La première erreur des dirigeants est de se prendre pour des auteurs. On ne peut pas prévoir avant chaque discours ce que sera, ni ce que fera, le public, même si on le connaît depuis des années. Avant d’entrer en scène, trop de dirigeants fossilisent leur pensée sur des textes qu’ils ont, ou qu’on leur a, rédigés.
Leur trac en est la cause : peur du trou, d’oublier des messages, de perdre le fil. Cette préparation du discours jusque dans le détail les rassure.
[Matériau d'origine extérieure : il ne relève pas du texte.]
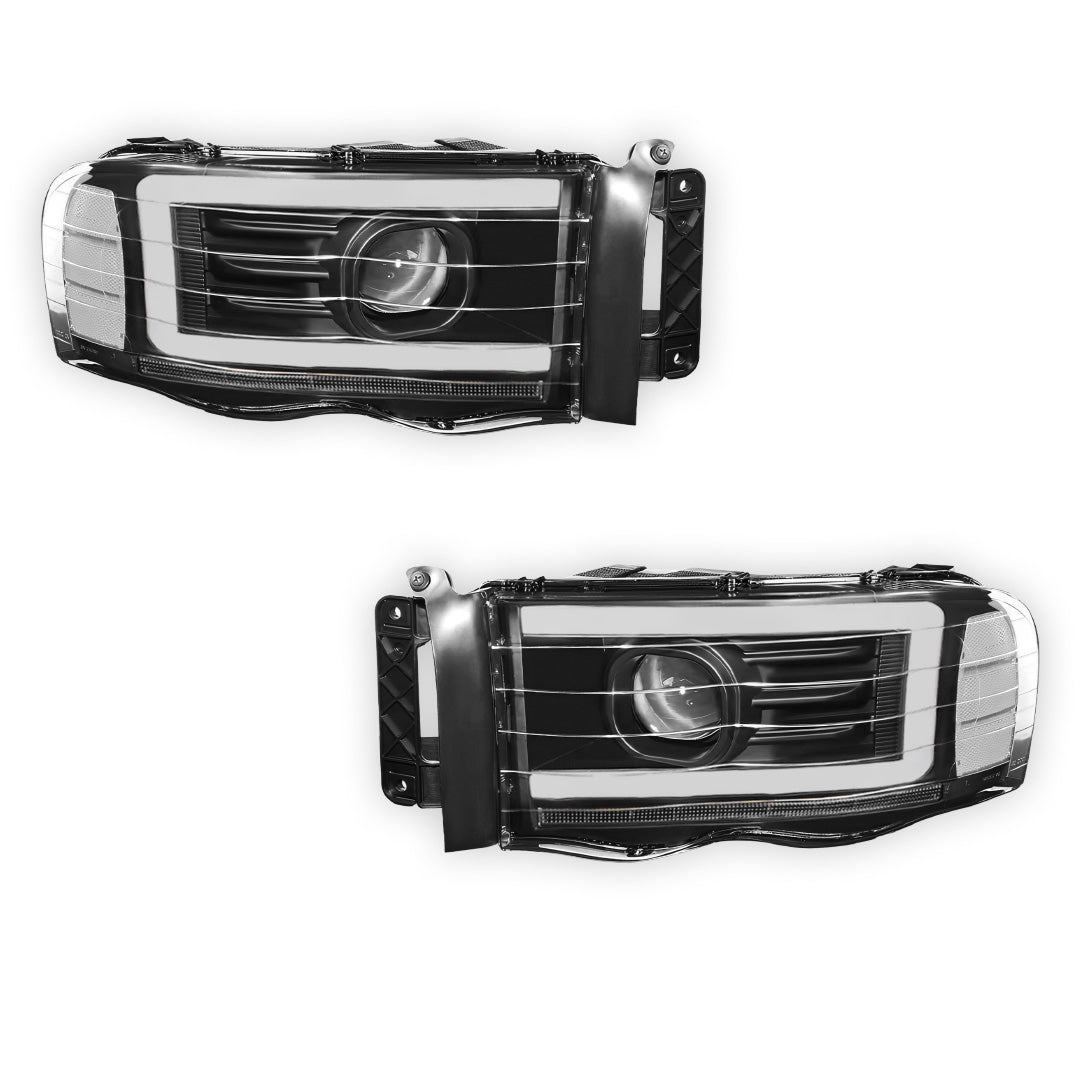 Dodge RAM 2500 (2002 - 2005) LED DRL Sequential Turn Signal Projector Headlights LH + RH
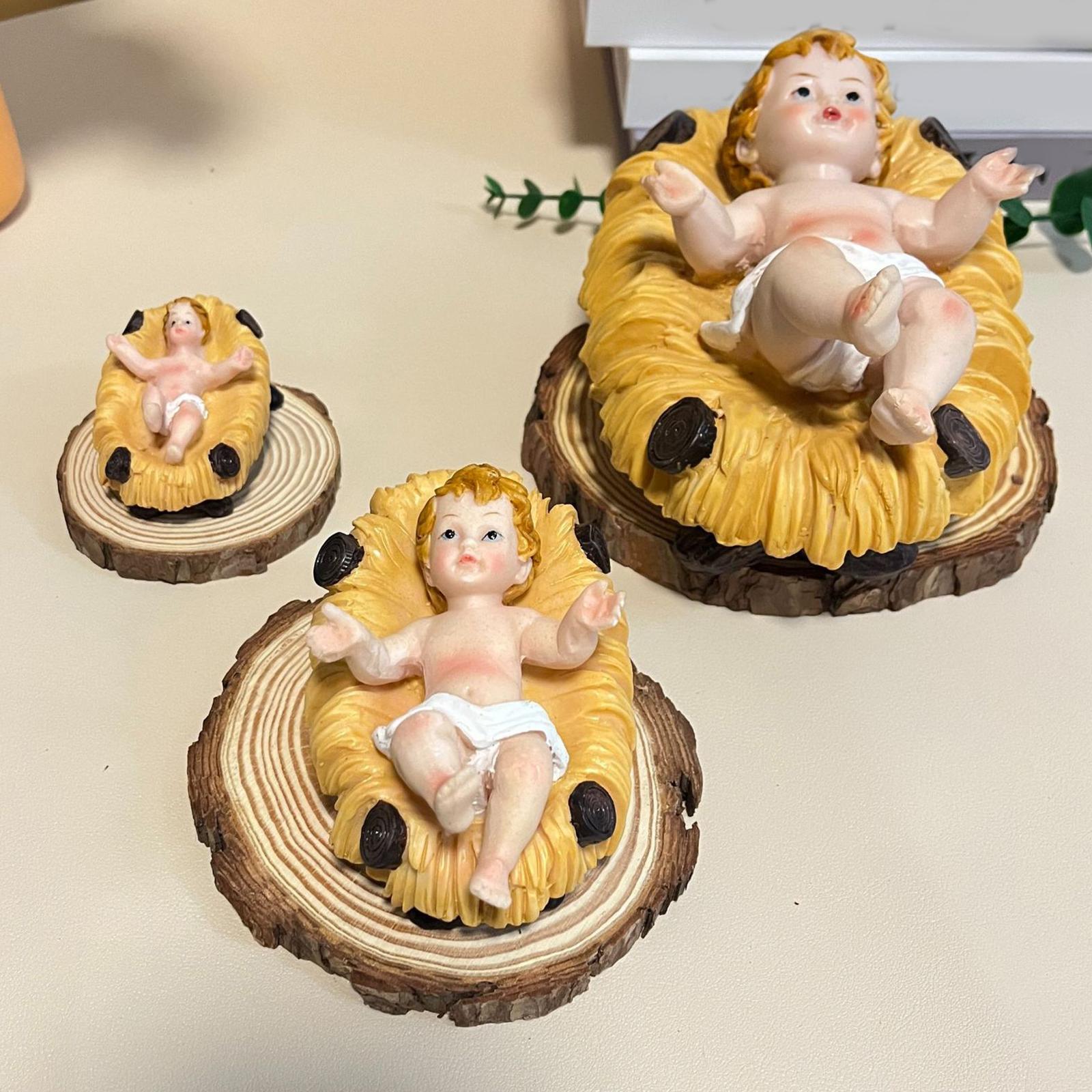 Baby Jesus Figure Resin Sculpture Nativity Figurine for Home Festival Small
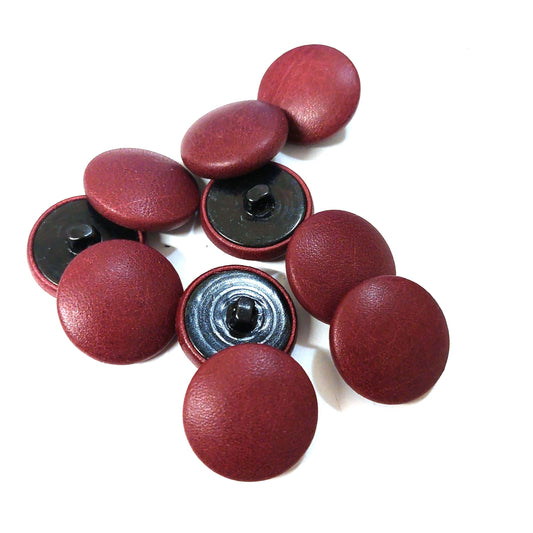 36 Line, Cowhide Leather Covered Buttons in Glazed Burgundy (10 PC.)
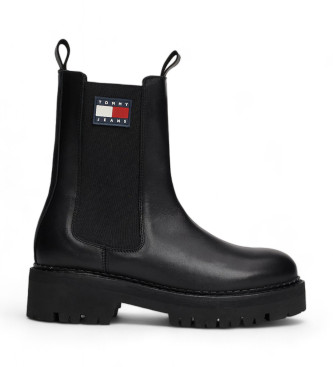 Tommy Jeans Botines Chelsea con logo engomado negro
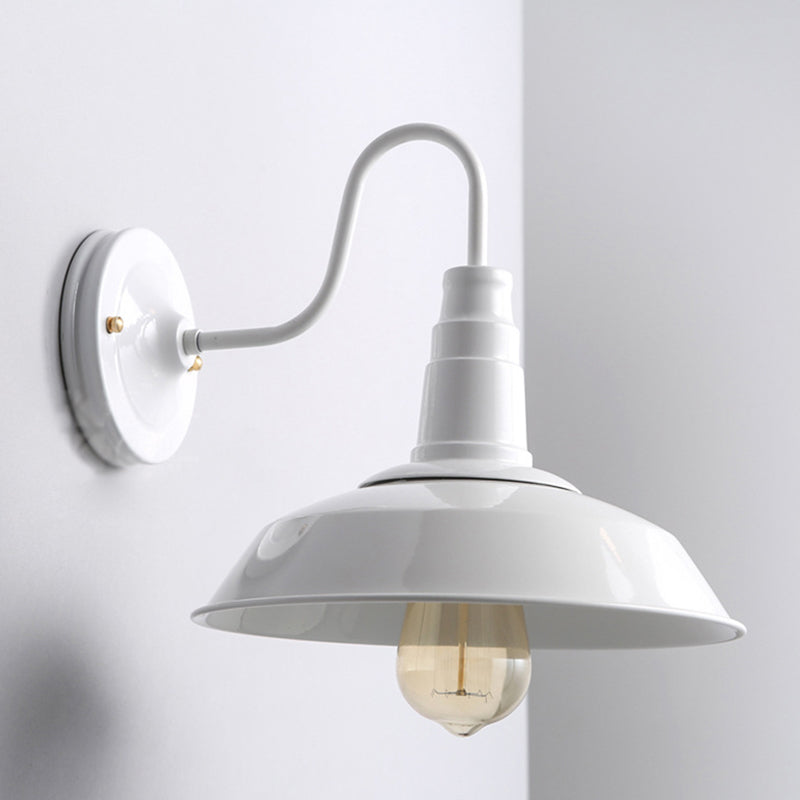 Retro Industrial Style Wandleuchte mit Kuppel Schatten Metall Schwängesblättern Arm Wall Light für Restaurant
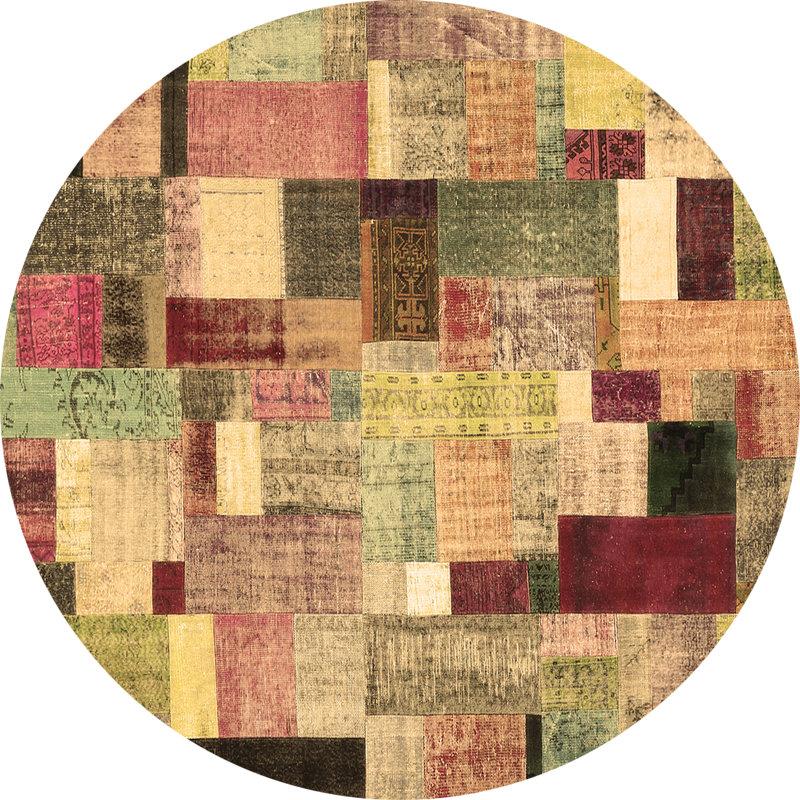 Performance Patchwork Indoor Rug, Round 8'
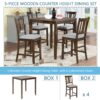 5 Pieces Dining Table Set, Wooden Dining Square Table Set For 4, Counter Height Kitchen Table Set With Square Table And 4 Upholstered Chairs For Small Space - Walnut - Image 5
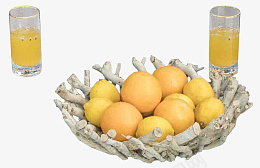 树枝果盘装着柠檬和柠檬汁桌面装饰png免抠素材_新图网 https://ixintu.com 果盘 桌面 装饰 摆件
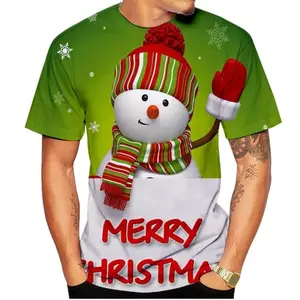 Christmas Elk 3D Print T-shirt For Men X'mas Fashion O-neck Short Sleeve Tops New Year Gift Oversized Tshirt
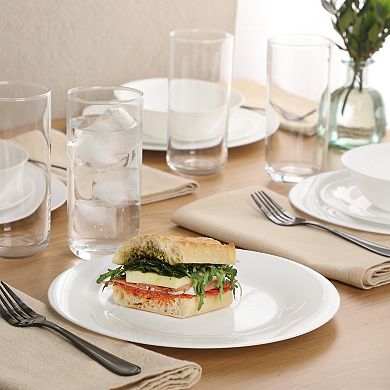 Gibson Home Vanilla Hills 12 Piece Opal Glass Dinnerware Set for 4 Chip Resistant Round White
Et ils se préparent en sortant de scène à ouvrir leur parapluie en disant : « J’ai dit ce que j’avais à dire ». Ils ne conçoivent pas que le public puisse être leur première ressource pour trouver le chemin verbal, tonal et rythmique pertinent de leur discours.
Le texte définitif d’un discours en public se construit avec le public. L’Art Oratoire est en cela différent de l’Art Dramatique, où le texte de l’auteur fait loi. On peut préparer un discours, et même le rédiger. Mais lorsqu’on arrive devant le public, il est à réinventer. Il faut pour cela que le dirigeant réussisse son rapport physique au public.
Les erreurs physiques les plus fréquentes et les plus dommageables concernent le regard de l’orateur.
J’en citerai trois :
- Balayer du regard le public revient à ne pas le voir, donc à construire le discours sans lui.
- Regarder au sol ou par terre pour chercher ses mots revient au même. L’orateur, dans les deux cas, n’associe pas son public à la construction de son discours. Le public décroche, car il se sent inutile.
- Enfin, se choisir dans le public quelques personnes réconfortantes à regarder. Cela revient encore à ne pas voir les autres, et même finit par gêner celles que l’on regarde trop souvent. César est seul. Le dirigeant en scène ne doit pas songer à se rassurer, mais plutôt à rassurer le public qu’il veut mettre en action.
Enfin, on abuse toujours du micro. Il entraîne chez l’orateur une paresse vocale. Sa voix monotone, musicalement pauvre, ne porte plus d’émotion, donc plus de sens. Elle endort l’audience. Il est désolant de voir partout des salles de réunion pour vingt, trente ou quarante personnes, où les tables sont hérissées de micros.
Tout est fait aujourd’hui pour que le corps du dirigeant reste en sommeil pendant qu’il parle. Imagine-t-on que son esprit, dans le même temps, s’éveille ?
Lire son discours en ajoutant par-ci, par-là, une intonation de circonstance, c’est laisser son esprit en sommeil pendant le discours. Conséquence ? Le public, lui aussi, reste en sommeil.